*About this exercise*: Below this line are records; transcribe exactly the lines between the one holding "Apartamento, 3 quartos, 120 m² - Foto 36" and the one holding "Sunglasses Sticker by #GoVote", inclusive, and omit the pictures.

*Records supplied*:
☆ ☆ ☆ ☆ ☆ ☆ ☆
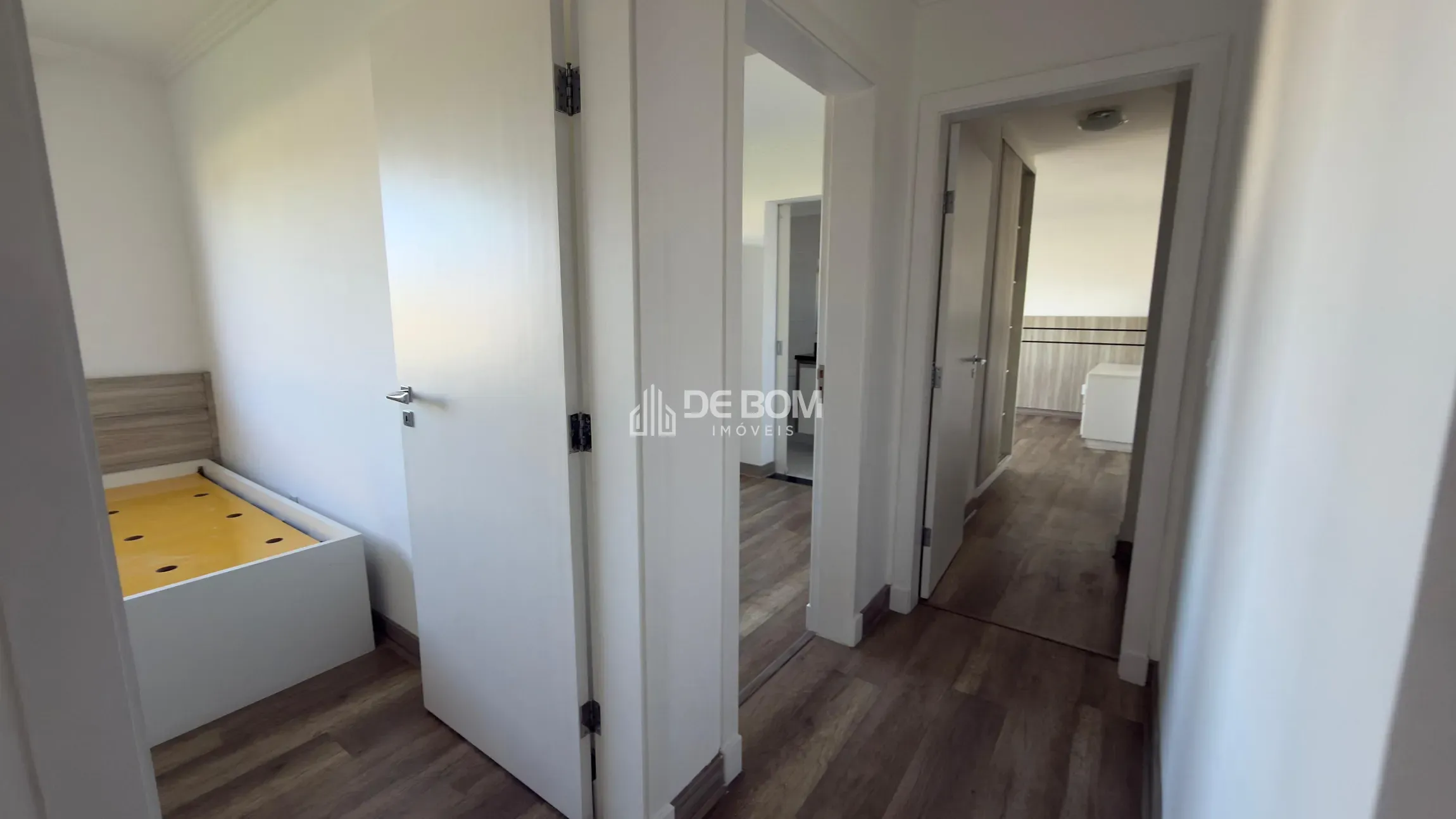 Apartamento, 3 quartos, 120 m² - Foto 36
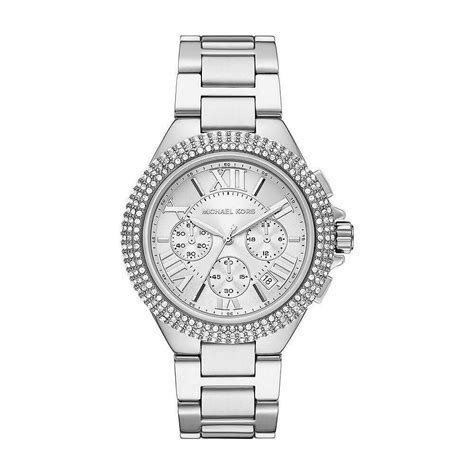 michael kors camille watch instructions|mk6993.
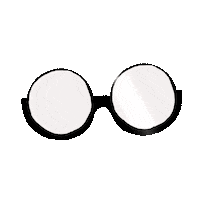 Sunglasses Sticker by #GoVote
☆ ☆ ☆ ☆ ☆ ☆ ☆
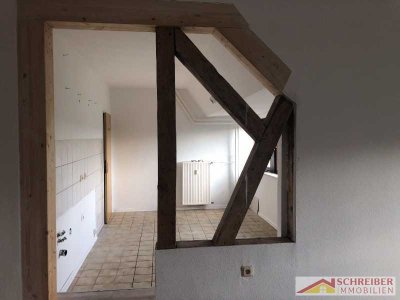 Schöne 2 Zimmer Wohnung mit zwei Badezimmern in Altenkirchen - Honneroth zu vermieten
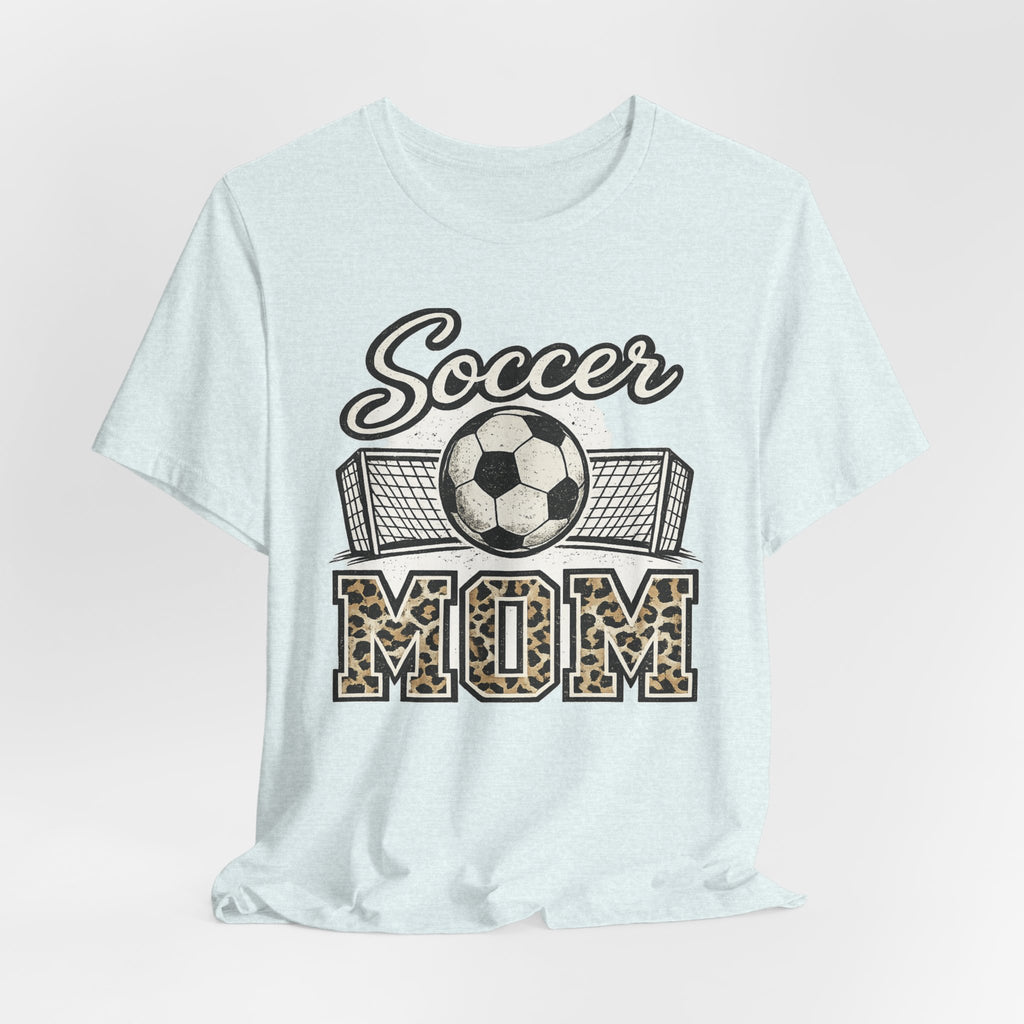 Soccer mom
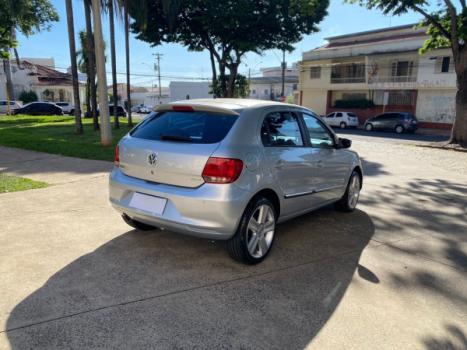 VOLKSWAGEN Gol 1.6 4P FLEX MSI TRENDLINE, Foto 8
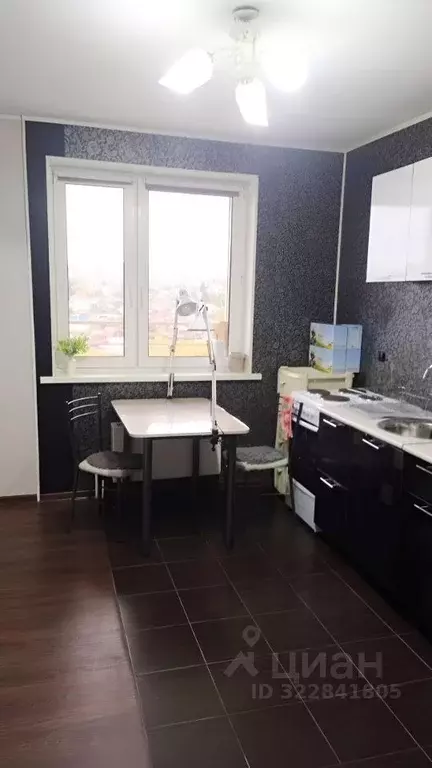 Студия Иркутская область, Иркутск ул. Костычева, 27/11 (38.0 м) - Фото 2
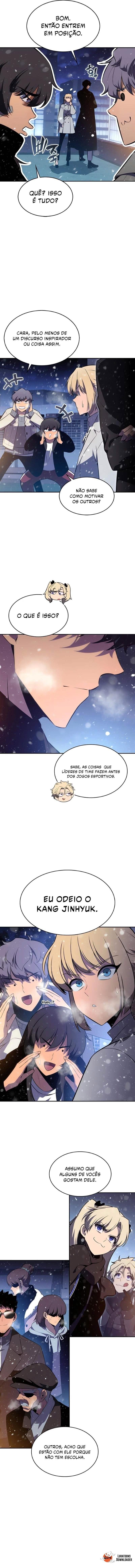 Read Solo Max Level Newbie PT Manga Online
☆ ☆ ☆ ☆ ☆ ☆ ☆
*Reply*:
 Apartamento, 3 quartos, 120 m² - Foto 36
 michael kors camille watch instructions|mk6993.
 Sunglasses Sticker by #GoVote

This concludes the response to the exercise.